De Blasio’s Renewal schools far from reaching graduation benchmarks

Just 25 percent of high schools in Mayor de Blasio’s cash-guzzling Renewal program are hitting their graduation-rate benchmarks, city data show.

In an October interview, schools Chancellor Carmen Fariña said all high schools in the program for struggling campuses had a 67 percent graduation-rate requirement.

“Every [Renewal] school has a set of benchmarks,” Fariña told ­Errol Louis of NY1. “For example, in the high schools, you need to graduate at least 67 percent of your students. So, how far away you are from that benchmark, we give you a certain amount of time. So, that’s where if you’re too far low, we close. Because there is no way you are going to do that benchmark in three years.”

According to the most recent Department of Education data available, 24 of 32 Renewal high schools failed to reach that mark in the 2015-2016 school year.

While eight of those were in striking distance — notching graduation rates between 63 and 66 percent — another 16 foundered with rates of 58 percent or lower.

Six Renewal high schools had graduation rates below 50 percent, according to DOE data.

The department announced in January that it would close five Renewal schools that failed to meet expectations.

That hit list included two Bronx high schools: Leadership Institute, which had a 52 percent graduation rate, and Monroe Academy, which had the lowest graduation rate of all Renewal high schools at 38 percent.

In addition, the DOE announced last month that staffers at Flushing HS in Queens and DeWitt Clinton HS in The Bronx would have to reapply for their jobs next year in an effort to jolt the

schools back to life.

Justin Perez, 16 a student at ­DeWitt, said Wednesday that the school was marred by apathy and resignation.

“A lot of people drop out,” he said. “They stop coming to school . . . Freshmen that come in now don’t go to class.

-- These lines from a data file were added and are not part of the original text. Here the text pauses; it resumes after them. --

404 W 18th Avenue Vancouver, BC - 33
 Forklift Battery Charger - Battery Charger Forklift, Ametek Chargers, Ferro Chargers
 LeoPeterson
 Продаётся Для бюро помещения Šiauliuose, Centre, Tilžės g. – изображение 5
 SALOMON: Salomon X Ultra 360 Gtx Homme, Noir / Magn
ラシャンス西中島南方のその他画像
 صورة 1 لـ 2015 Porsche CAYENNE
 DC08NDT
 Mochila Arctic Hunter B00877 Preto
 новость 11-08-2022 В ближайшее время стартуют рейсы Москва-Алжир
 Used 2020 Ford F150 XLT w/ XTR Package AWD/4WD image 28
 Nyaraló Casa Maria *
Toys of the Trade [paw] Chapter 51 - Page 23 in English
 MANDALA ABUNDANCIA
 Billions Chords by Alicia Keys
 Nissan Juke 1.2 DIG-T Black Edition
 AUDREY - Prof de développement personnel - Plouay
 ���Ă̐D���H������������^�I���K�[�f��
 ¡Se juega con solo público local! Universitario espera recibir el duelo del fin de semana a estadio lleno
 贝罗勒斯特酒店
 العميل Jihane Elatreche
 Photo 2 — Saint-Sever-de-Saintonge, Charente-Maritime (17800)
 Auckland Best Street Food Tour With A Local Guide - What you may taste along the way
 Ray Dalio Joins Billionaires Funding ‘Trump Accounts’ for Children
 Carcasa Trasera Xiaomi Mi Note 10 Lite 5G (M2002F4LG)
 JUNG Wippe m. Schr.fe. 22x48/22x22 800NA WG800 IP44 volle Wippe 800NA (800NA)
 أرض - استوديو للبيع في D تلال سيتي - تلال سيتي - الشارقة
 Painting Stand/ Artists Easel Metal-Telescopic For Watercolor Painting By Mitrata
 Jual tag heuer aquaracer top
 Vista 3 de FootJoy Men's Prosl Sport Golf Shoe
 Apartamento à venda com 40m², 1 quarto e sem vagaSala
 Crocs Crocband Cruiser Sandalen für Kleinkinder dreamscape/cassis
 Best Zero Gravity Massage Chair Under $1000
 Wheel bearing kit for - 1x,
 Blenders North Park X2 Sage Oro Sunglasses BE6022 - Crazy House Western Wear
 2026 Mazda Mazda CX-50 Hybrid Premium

They just walk the hallways.”

Flushing had a 63 percent graduation rate in 2016 while DeWitt Clinton was near the bottom of the list at 48 percent.

Considered a pillar of Mayor de Blasio’s education platform, the Renewal program has been generously infused with money and consultants while bringing meager returns.

Critics have argued that many schools in the program are unsalvageable money drains and should be shuttered.

The DOE has pointed to scattered signs of life and called for patience in assessing the program’s ultimate worth.

A department spokesman argued Wednesday that graduation rates were just one of many factors taken into consideration when weighing a Renewal school’s trajectory and ultimate fate.

“We don’t make serious decisions about any school based on a single data point, it’s as simple as that,” said Michael Aciman. “As part of our thorough evaluation of Renewal schools, we look at a range of factors including enrollment, state test scores, attendance, instruction and school climate.”